God Friended Me – CBS’s Feel Good Drama is a Beacon of Hope

God Friended Me banner artwork

The outlandish name of the show is precisely what made me check out God Friended Me. Considering my hatred for social media and not being very religious, the marketing department deserves high praise for getting my attention in the first place.  Maybe that was their goal? The mere notion of God using social media as a tool for helping people is practically an oxymoron, but it just might be worth exploring.


Airing Sundays at 8pm Eastern with the first episode already available on their website, CBS describes God Friended Me as follows:

a humorous, uplifting drama about an outspoken atheist whose life is turned upside down when he receives a friend request on social media from God and unwittingly becomes an agent of change in the lives and destinies of others around him.
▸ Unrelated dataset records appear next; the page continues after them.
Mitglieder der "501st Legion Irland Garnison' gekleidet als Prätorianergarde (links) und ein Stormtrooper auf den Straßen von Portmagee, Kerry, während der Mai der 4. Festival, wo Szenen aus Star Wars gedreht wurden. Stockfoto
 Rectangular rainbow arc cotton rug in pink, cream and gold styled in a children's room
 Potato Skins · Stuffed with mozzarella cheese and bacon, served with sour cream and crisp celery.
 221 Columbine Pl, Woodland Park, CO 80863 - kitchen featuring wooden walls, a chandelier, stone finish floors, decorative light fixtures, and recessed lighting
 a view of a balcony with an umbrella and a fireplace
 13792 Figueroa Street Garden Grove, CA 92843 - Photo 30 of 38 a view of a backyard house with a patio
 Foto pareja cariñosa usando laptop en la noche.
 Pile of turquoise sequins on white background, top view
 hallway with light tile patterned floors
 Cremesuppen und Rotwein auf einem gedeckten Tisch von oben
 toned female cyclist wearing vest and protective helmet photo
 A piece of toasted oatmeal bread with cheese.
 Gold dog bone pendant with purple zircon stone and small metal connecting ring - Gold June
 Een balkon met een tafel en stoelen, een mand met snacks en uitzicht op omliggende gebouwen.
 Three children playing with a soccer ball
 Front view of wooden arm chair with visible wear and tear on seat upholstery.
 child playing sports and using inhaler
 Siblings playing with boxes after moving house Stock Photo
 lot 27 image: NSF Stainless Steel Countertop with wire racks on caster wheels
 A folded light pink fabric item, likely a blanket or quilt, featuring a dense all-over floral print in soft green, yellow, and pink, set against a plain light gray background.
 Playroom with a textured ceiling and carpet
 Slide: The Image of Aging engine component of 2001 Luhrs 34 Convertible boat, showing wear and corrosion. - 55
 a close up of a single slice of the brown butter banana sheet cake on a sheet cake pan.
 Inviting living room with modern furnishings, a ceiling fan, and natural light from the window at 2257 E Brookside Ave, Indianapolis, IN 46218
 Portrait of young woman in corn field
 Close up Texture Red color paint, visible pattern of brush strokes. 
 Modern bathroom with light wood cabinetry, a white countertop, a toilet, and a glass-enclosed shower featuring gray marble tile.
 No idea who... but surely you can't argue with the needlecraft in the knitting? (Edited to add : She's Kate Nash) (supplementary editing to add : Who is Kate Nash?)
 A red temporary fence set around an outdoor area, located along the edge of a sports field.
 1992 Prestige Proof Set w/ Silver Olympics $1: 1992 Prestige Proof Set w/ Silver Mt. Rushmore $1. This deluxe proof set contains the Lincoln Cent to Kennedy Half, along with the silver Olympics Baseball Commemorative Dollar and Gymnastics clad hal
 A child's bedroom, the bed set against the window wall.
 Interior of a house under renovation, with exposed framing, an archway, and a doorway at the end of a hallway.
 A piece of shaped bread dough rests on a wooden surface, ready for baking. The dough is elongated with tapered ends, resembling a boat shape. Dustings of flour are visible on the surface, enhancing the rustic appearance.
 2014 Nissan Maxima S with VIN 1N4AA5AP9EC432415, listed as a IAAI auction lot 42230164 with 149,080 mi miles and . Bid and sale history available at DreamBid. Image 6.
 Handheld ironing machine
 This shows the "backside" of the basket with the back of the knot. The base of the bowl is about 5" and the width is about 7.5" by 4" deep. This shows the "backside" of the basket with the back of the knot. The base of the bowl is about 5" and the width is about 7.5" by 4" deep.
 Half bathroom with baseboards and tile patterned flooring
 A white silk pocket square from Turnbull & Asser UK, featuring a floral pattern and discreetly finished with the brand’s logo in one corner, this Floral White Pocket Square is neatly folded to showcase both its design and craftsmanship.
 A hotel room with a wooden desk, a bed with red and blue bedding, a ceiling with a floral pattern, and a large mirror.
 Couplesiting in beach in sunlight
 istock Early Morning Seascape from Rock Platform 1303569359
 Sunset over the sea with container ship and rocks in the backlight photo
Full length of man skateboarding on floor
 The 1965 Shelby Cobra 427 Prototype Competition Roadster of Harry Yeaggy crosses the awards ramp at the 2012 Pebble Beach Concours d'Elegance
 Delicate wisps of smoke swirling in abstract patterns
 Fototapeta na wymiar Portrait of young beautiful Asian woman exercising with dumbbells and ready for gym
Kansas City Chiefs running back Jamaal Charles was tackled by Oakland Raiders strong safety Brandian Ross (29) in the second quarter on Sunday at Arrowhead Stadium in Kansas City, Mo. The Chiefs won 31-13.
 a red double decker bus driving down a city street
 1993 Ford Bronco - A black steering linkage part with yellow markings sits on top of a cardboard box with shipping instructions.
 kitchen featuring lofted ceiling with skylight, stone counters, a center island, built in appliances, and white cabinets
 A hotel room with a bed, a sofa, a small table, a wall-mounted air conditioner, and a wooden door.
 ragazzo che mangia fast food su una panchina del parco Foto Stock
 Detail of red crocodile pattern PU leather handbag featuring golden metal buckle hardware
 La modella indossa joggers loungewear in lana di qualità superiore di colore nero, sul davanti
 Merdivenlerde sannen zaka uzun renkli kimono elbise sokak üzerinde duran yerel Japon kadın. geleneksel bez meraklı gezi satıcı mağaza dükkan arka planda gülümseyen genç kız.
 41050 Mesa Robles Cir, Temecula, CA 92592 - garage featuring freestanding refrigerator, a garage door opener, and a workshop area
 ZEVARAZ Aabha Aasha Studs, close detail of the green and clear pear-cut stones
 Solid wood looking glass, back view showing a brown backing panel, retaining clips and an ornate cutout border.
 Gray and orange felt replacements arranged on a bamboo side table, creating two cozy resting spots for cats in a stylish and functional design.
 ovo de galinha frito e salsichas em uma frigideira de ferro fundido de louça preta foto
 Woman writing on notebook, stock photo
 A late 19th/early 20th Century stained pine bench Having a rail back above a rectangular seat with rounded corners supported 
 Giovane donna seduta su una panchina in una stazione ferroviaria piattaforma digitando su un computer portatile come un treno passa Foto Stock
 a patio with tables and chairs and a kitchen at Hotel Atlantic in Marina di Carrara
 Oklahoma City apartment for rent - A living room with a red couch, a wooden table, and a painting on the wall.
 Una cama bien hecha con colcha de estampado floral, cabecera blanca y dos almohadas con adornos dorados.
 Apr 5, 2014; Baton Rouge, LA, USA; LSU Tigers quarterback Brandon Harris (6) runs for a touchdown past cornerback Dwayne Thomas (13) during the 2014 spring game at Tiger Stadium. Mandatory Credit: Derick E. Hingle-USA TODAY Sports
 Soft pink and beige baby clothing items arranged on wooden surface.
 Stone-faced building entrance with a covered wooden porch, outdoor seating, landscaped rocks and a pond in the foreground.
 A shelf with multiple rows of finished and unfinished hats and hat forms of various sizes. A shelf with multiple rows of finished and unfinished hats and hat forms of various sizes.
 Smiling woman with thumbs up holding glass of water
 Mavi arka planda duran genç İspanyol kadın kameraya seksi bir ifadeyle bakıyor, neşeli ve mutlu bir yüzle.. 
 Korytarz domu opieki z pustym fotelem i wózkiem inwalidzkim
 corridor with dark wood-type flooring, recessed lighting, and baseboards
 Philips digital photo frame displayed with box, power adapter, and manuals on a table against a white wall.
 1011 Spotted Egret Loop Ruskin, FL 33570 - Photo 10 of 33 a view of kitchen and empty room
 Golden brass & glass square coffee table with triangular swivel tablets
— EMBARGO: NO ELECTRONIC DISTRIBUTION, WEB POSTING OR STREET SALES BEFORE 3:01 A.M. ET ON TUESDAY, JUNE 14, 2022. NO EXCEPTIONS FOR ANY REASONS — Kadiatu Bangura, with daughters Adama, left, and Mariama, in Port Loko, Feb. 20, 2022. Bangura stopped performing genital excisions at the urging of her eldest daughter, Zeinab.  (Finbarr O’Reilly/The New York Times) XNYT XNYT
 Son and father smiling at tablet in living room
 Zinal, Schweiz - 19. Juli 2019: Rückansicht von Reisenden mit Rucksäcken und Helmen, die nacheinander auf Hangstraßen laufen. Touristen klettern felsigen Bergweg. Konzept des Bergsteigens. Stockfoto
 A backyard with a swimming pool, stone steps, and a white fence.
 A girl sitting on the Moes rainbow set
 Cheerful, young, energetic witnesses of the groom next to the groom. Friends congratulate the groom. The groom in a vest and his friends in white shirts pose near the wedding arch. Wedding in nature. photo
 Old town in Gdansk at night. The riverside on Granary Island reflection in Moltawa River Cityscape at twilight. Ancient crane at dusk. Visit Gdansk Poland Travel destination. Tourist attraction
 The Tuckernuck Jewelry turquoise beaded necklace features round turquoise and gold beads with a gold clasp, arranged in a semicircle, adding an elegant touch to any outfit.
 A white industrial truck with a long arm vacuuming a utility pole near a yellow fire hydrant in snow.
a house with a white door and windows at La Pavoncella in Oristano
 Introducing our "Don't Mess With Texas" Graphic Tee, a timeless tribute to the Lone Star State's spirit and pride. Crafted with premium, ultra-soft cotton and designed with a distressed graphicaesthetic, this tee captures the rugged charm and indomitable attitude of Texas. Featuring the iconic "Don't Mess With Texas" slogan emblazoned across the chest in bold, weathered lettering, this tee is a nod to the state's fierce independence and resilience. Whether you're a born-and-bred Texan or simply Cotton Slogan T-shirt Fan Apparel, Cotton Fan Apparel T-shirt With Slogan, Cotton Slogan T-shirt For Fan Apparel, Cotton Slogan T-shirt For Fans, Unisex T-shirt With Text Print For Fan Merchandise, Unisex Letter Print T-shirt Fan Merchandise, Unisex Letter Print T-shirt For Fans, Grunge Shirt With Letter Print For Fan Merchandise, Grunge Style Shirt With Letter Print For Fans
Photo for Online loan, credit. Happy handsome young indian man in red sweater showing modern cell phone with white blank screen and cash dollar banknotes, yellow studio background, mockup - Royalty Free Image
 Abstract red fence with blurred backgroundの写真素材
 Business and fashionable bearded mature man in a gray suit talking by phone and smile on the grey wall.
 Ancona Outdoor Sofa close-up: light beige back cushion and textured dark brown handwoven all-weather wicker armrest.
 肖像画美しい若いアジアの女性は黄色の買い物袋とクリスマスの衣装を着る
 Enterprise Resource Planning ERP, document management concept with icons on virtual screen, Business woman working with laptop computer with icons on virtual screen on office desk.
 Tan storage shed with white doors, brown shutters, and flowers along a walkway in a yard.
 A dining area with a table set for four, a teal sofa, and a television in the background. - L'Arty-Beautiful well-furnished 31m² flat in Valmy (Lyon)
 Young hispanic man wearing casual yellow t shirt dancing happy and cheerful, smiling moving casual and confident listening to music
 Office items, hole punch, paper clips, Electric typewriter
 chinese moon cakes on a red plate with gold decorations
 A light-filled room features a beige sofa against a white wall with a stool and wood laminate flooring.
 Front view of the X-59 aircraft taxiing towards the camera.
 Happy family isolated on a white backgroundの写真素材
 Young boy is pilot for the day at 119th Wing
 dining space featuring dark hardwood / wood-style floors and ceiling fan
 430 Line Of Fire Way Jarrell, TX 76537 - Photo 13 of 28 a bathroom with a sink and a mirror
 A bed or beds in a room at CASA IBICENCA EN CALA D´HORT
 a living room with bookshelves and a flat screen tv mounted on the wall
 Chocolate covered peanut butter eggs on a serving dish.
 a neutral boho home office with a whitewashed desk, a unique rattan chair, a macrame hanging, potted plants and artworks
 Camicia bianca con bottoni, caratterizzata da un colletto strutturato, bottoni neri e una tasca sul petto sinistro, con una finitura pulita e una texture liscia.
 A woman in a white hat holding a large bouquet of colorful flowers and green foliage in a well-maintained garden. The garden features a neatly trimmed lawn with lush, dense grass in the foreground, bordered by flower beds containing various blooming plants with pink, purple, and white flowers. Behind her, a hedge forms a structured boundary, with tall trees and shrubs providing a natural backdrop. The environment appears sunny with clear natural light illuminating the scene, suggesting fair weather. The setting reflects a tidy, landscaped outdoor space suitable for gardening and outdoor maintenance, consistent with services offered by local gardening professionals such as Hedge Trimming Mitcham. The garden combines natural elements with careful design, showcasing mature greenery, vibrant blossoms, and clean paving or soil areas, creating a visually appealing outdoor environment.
That may be the most accurate description I have ever read for a TV show and I am struggling to come up with anything else to add, so let’s dive right in.


The first look trailer contains the most significant scenes.  It barely stops short of telling you the episode’s entire story.  I would suggest skipping it, but here it is.


It is critical they have believable reactions because the show’s premise hinges on the viewers caring about the characters.  To that end, we have to get to know their backstories before we can relate to them on any level. The writers did an admirable job of accomplishing that, albeit utilizing a fairly standard formula.

First, we have Rakesh, a socially awkward hacker, combined with some Indian stereotyping.  Second, they give us the main character, Miles, his sister Ali, and their father, Arthur, who provide the dysfunctional family everyone can relate to.  Miles is the host of his own podcast, where he espouses that God does not exist, much to the chagrin of his sister and his father, who just so happens to be a reverend and–as we know all our parents are–is technologically inept.  Finally, we have Cara, a bit of a lost soul, who grew up in a single-parent household and is struggling to cure her writer’s block. They even managed to squeeze in a dig at the expense of New Jersey. Seriously, guys? How original.


The originality of God Friended Me is a refreshing break from the reboots or reimaginings Hollywood primarily airs.  I was pleasantly surprised that Miles’ instant denial of the friend request was entirely believable.  He does start to second guess himself as we go through some religious tropes and allegories, including a burning bush, going towards the light, God works in mysterious ways, questioning your faith, and everything happens for a reason.  I particularly enjoyed an (accidental?) reference to Led Zeppelin’s Stairway to Heaven.

One aspect which is slightly worrisome is the potential for this whole thing to be the work of artificial intelligence.  This immediately made me think of Person of Interest, even though I know these shows have nothing in common.  It was only briefly alluded to, but just the fact that they put it out there may bother some viewers.  That brings me to the show’s biggest hurdle it needs to overcome. In attempting to appeal to both believers and non-believers, they risk alienating both.  The devout viewers could easily bring out a #notmyGod hashtag, while the non-believers completely get turned off by the very notion of religion.  This could result in everyone missing the show’s incredibly uplifting message, regardless of the source.  That would be a shame as I could see it turning into a sleeper hit like I predicted The Good Doctor would become.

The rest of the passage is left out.